- Listed records -
= Beginning of Section =
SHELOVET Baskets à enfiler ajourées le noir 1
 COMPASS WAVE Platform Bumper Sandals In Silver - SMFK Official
= End of Section =
= Beginning of Section =
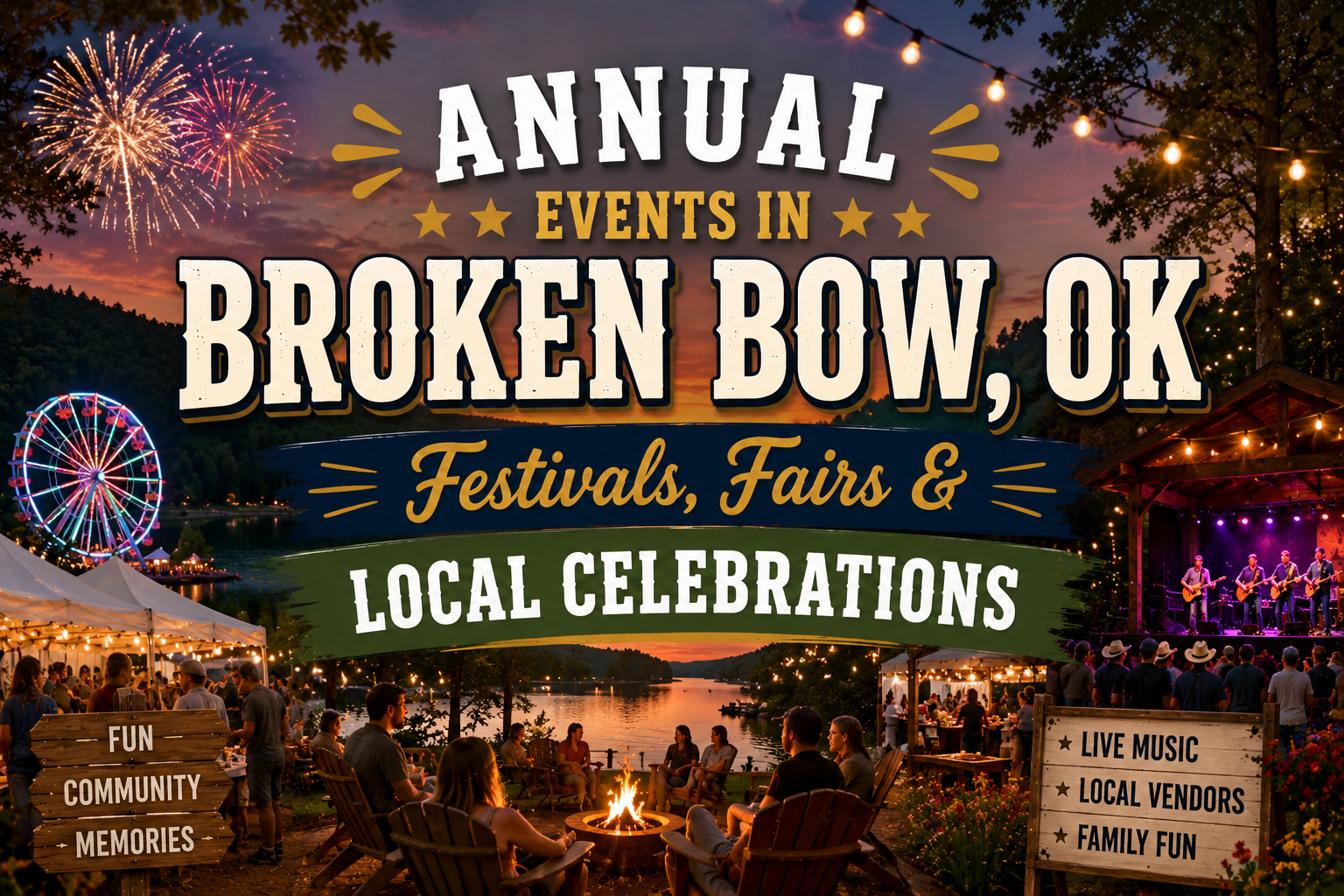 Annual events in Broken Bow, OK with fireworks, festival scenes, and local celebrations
= End of Section =
- What you will do -
Among the records above, extract exactly the lines from the line with "SHELOVET Baskets à enfiler ajourées le noir 1" to the line with "COMPASS WAVE Platform", both lines included, and leave out the rest.

- Solution for this task -
SHELOVET Baskets à enfiler ajourées le noir 1
 COMPASS WAVE Platform Bumper Sandals In Silver - SMFK Official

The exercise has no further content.